[Collected data]
##############################

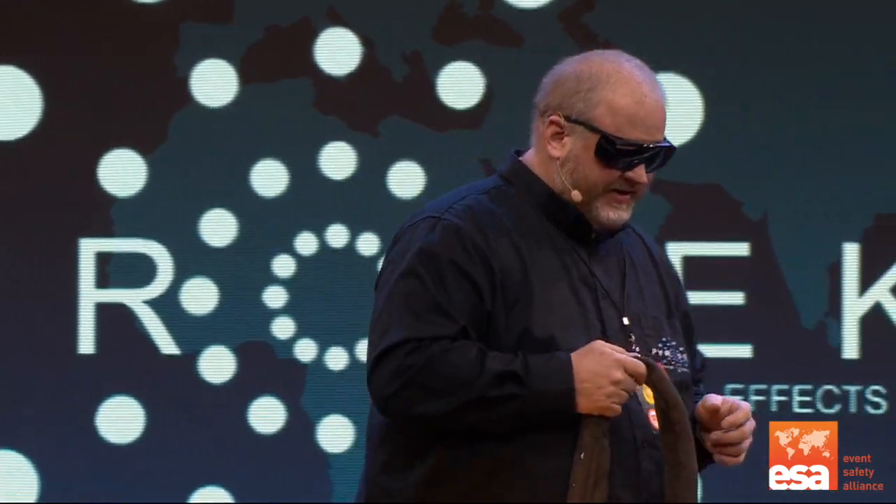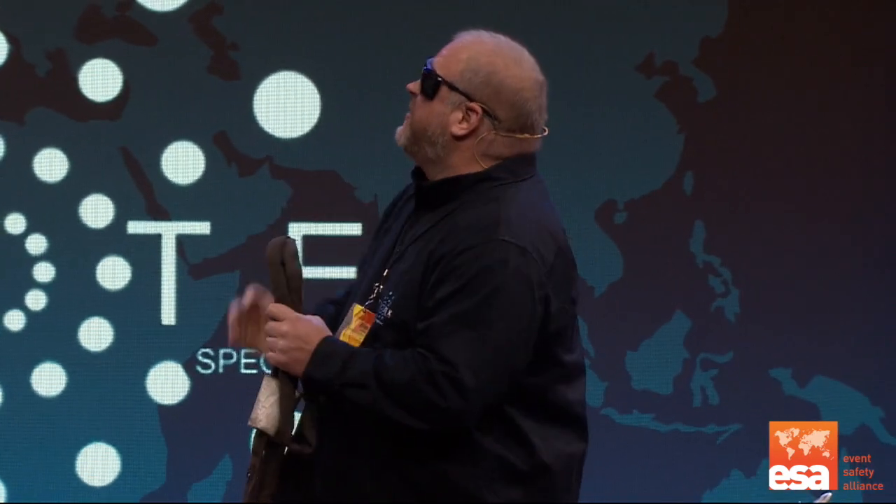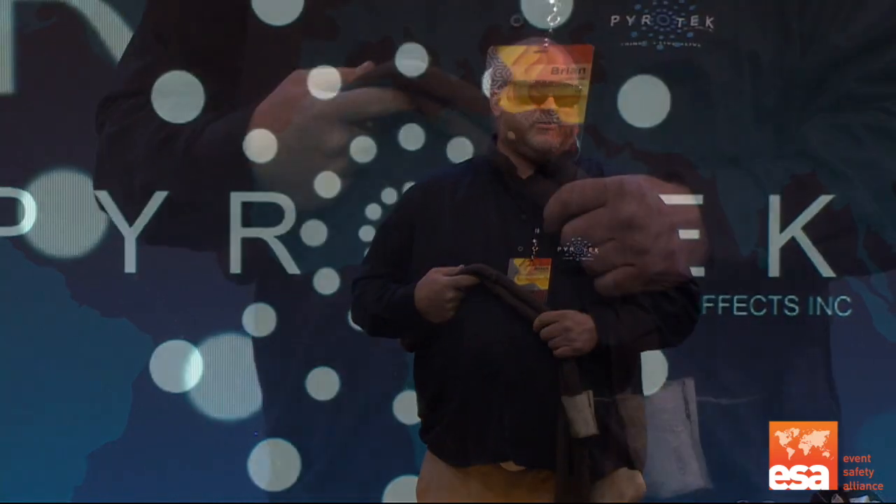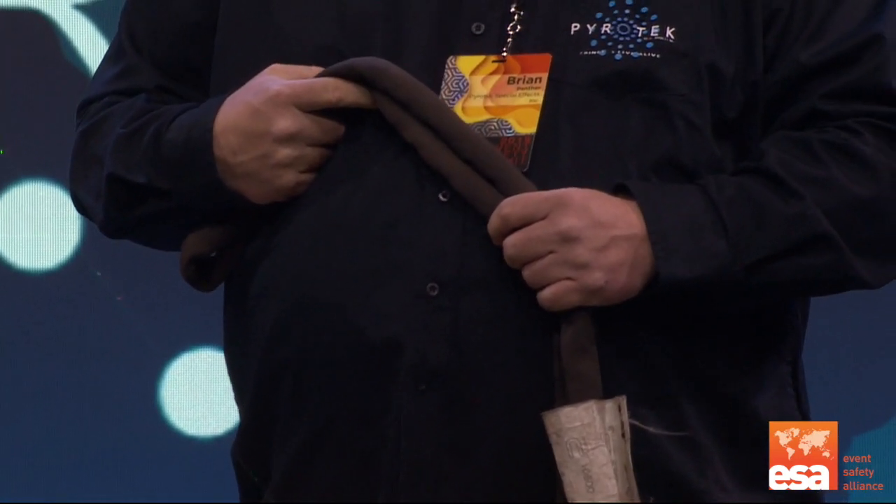Let me put on my laser goggles. Can I have a laser beam, please? What you see here is a 20-watt laser beam, and I'm going to show you just how quickly a laser can compromise a span set.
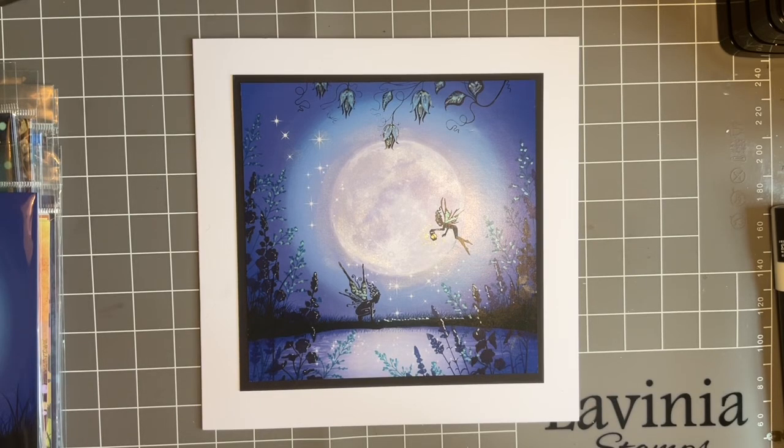Hi everybody, Jo here again. How are you doing? I hope you're keeping well. Thank you for all your lovely messages and emails and texts — you're very kind, you're a lovely bunch on here. Just to say thank you in case I forget. It's lovely to have your company again. It's Tuesday, so it's time for our crafty catch-up.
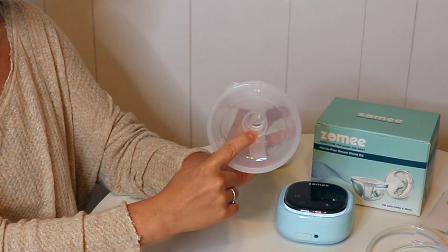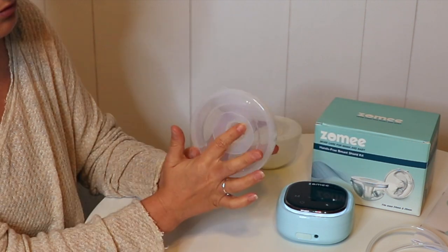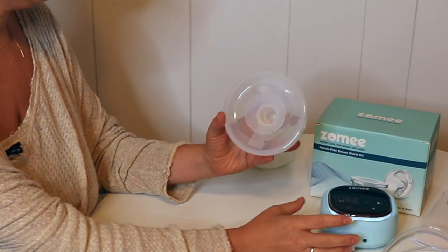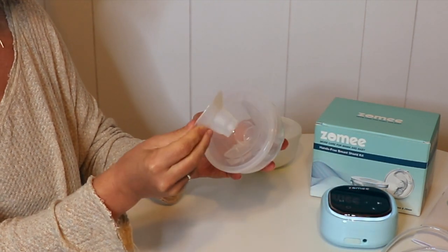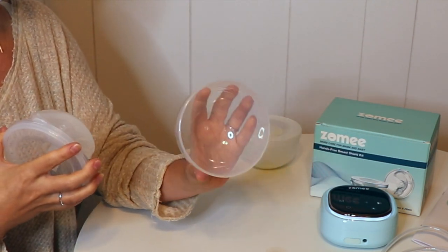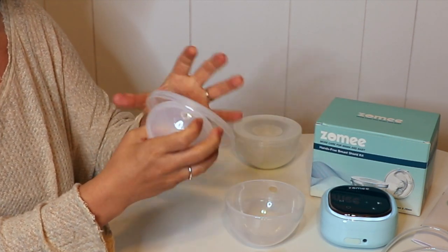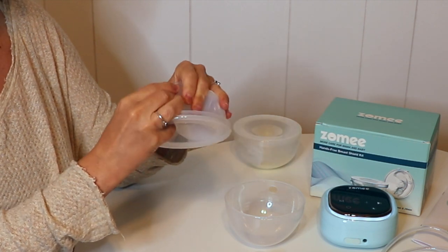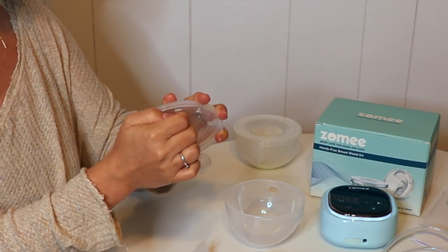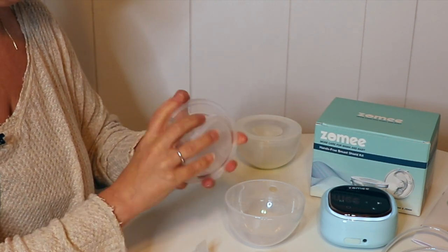The size flange that it comes with is a 28 millimeter, and it comes with a 24 millimeter insert that you can put in there for a smaller size. So I'm going to take this apart and show you all the pieces. We have the insert, we have the flange, and this is the collection cup with a pouring spout at the top. We have a duckbill — so again a duckbill system — and we have a diaphragm up here which is removable.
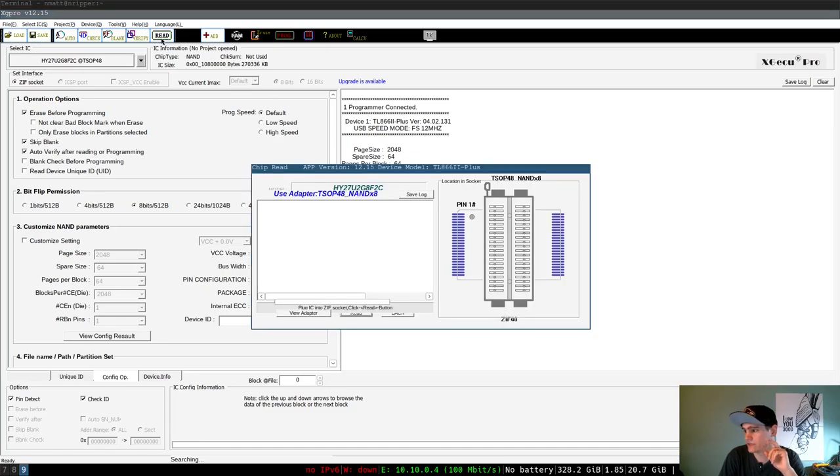We're going to go to read. It's reading our NAND flash — there it goes. The speed is slow; there's apparently a low and high speed mode and I don't know what the default is, so we're just going to go with the default and not risk it. This firmware is going to take a while to dump. In the meantime, let's switch back over to the desk and work on cleaning up the solder where the chip was.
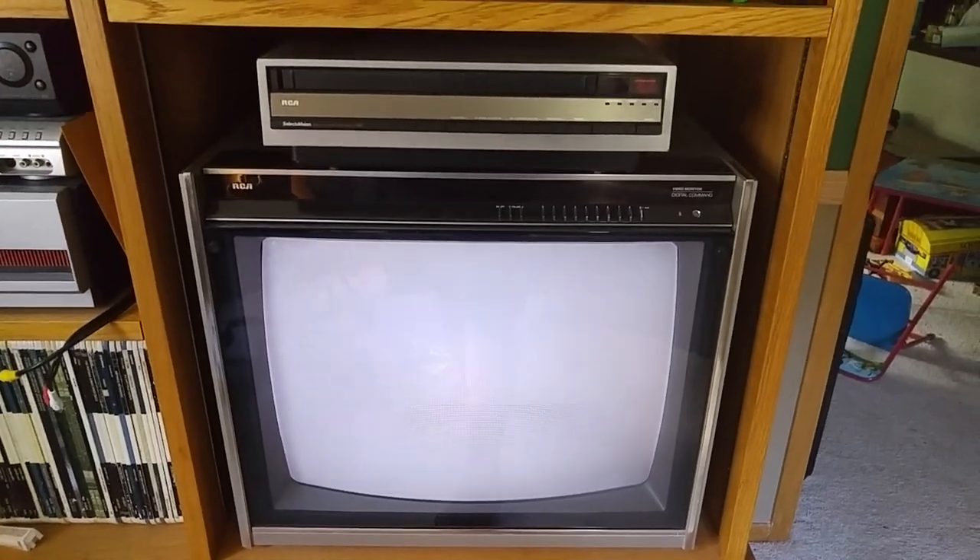Hey everyone, this is a demonstration of the CED VideoDisc made by RCA, on my RCA Digital Command Center TV with my SJT400 CED player.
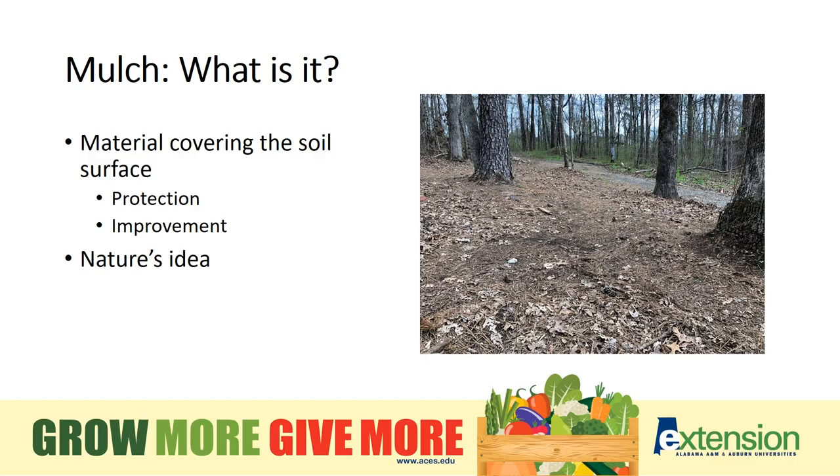Mulch may seem a little out of place when you think about vegetables, but it's very important in the garden. Mulch is just a general term for a substance that's placed over a growing surface, like a garden bed or row, to help plants thrive. It's that very top layer that helps protect plants, and as it biodegrades, it actually helps improve the soil.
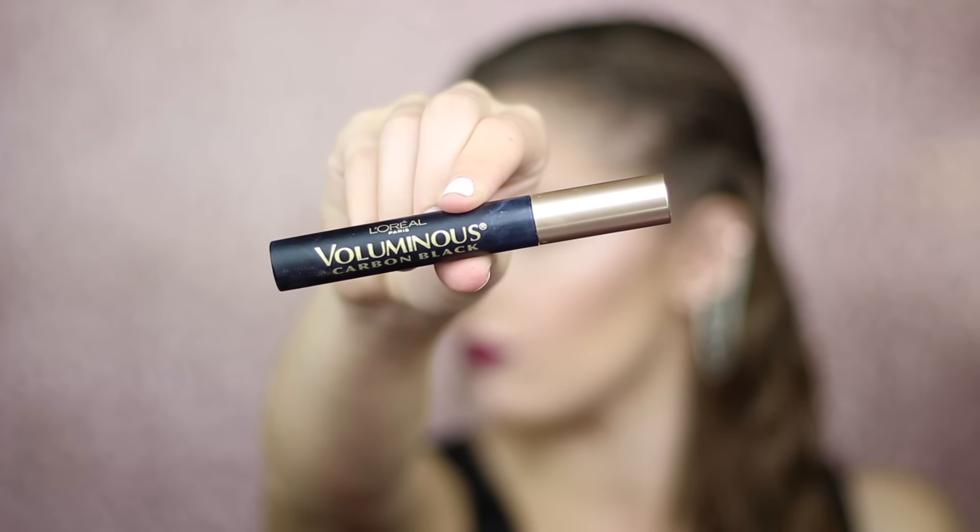Now I'm going to curl my lashes and apply my L'Oreal Voluminous Mascara. I also applied false lashes off camera.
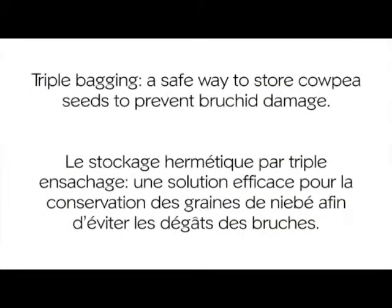Triple bagging: a safe way to store cowpea seeds to prevent brookie damage.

##############################

REQUIRED ACTION: Make an exact copy of the lines of the records from the line containing "Now I'm going" through the final line, both ends included, but not of the pictures.

REPLY:
Now I'm going to curl my lashes and apply my L'Oreal Voluminous Mascara. I also applied false lashes off camera.
Triple bagging: a safe way to store cowpea seeds to prevent brookie damage.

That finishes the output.